Consider first 2x subsampling without filtering. If you want to use a LUT, there are two ways to do it. With an 8-bit LUT, you can store in the table the 4 bits (say, bits 0, 2, 4, and 6) that you are taking for each 8 bits (0 - 7) in. This is very fast, but you can get some improvement by masking out all the odd bits in a 32-bit word, and then ORing this masked word with itself, left-shifted by 7 bits. That puts the first 8 even bits (0, 2, ... 14), which will be bits (0, 1, ... 7) in the reduced image, into the first byte. There, they are in bit order (0, 4, 1, 5, 2, 6, 3, 7). An 8-bit LUT is then used to permute them to the normal order (0, 1, ... 7) in the output byte. Likewise, the second set of 8 even bits land in the third byte, and must be permuted in the same way. This is performed on even raster lines; odd raster lines are ignored in the 2x reduction.

Either of these subsampling methods can be pre-filtered. But it is only necessary to get the filtered results at the pixels that will be subsampled, because the other pixels are discarded at subsampling. The main reason these operations are so fast is that it is not necessary to generate a full filtered image before subsampling. Now, these are binary images, so we must use a convolution filter and apply a threshold on the result. For a 2x reduction, it makes sense only to use the 4 pixels in each 2x2 square, from which a single pixel will be chosen. The filter weights on these 4 pixels should be equal, so we simply count the ON pixels in each 2x2 square and apply a threshold on the count. How do we efficiently get the result of this thresholded count into a specified pixel in each 2x2 square? The solution, which was found in 1991, is very simple and can be found in the appendix of the paper, Image Analysis using Threshold Reduction.

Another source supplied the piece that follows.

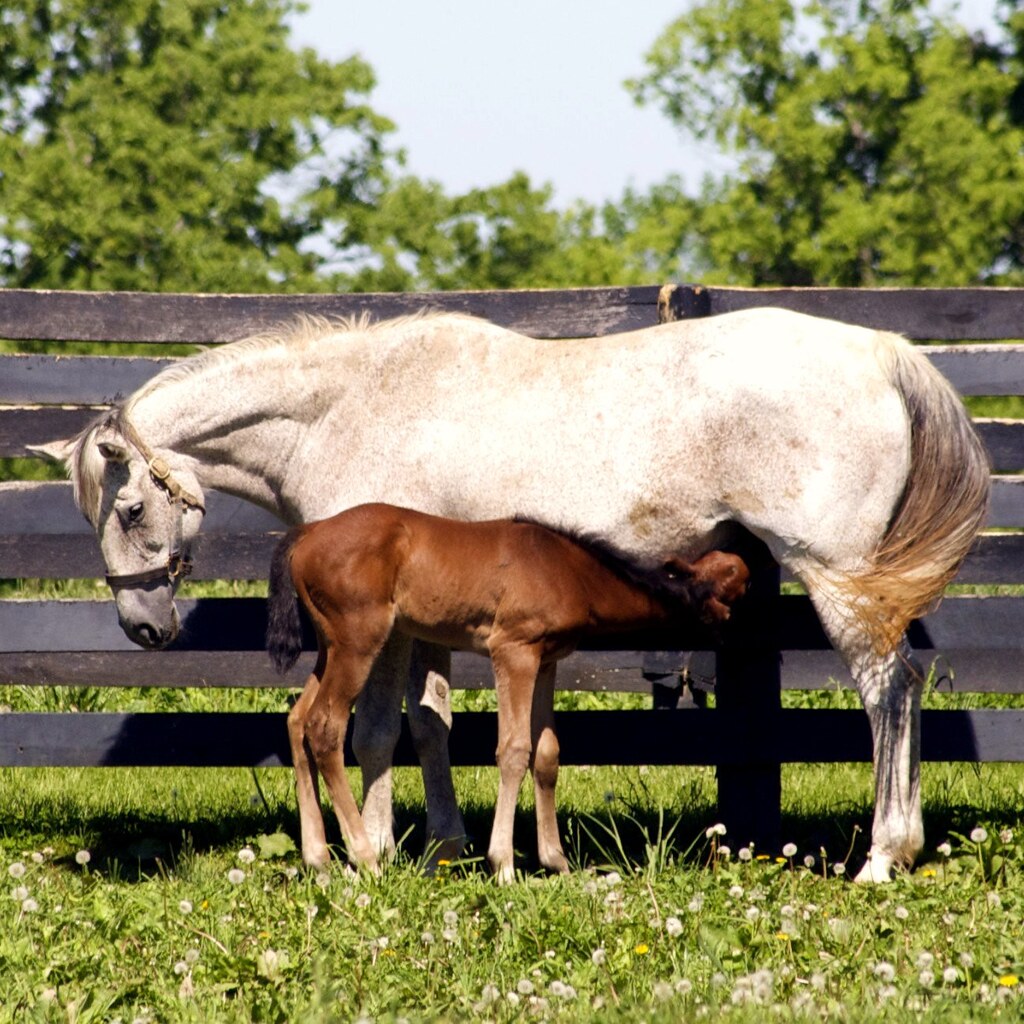 Photo of a mare and foal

Two examples will give you the general idea. Suppose we want a threshold of 1 (rank value of 1/4), which means that if any pixels in a 2x2 square are ON, we get an ON pixel in the upper-left corner of this 2x2 square. If we do a morphological dilation using a 2x2 structuring element with center in the lower-right corner, we will get the correct pixel in the upper-left corner, and we will also get the shift-invariant filtered results in the other 3 pixels in each 2x2 square. We could then subsample any of these pixels, because they all have been filtered. Obviously, we have done too much work! Because we are only sampling the upper-left pixels in each 2x2 square, to get the information about the other 3 pixels there, OR each word with itself left-shifted by one pixel, and follow this by a vertical OR of each word on odd raster lines with the word above it, storing the result in the words on even raster lines. With three 32-bit ORs, we thus generate 16 filtered pixels for subsampling. The filtering turns out to be much faster than the subsampling! The second example implements a threshold of 4 (rank value of 4/4), which means that all pixels in a 2x2 square must be ON for the upper-left pixel to be turned on. Again this can be implemented morphologically with an erosion, this time using a 2x2 structuring element with the center in the upper-left corner. And again, more efficiently, this can be implemented by logically performing three ANDs, in the same way that we used three ORs for threshold 1.

What about threshold levels 2 and 3? These are only slightly more complicated to implement with bit-logical operations. We need to perform both a horizontal AND and vertical OR, and a horizontal OR and a vertical AND. Then, taking the OR of these two results gives a threshold of 2, whereas taking the AND gives a threshold of 3. You can demonstrate that this works by setting up a logic table consisting of all 16 possible 2x2 binary pixels, and applying these operations. Consult the paper for a proof.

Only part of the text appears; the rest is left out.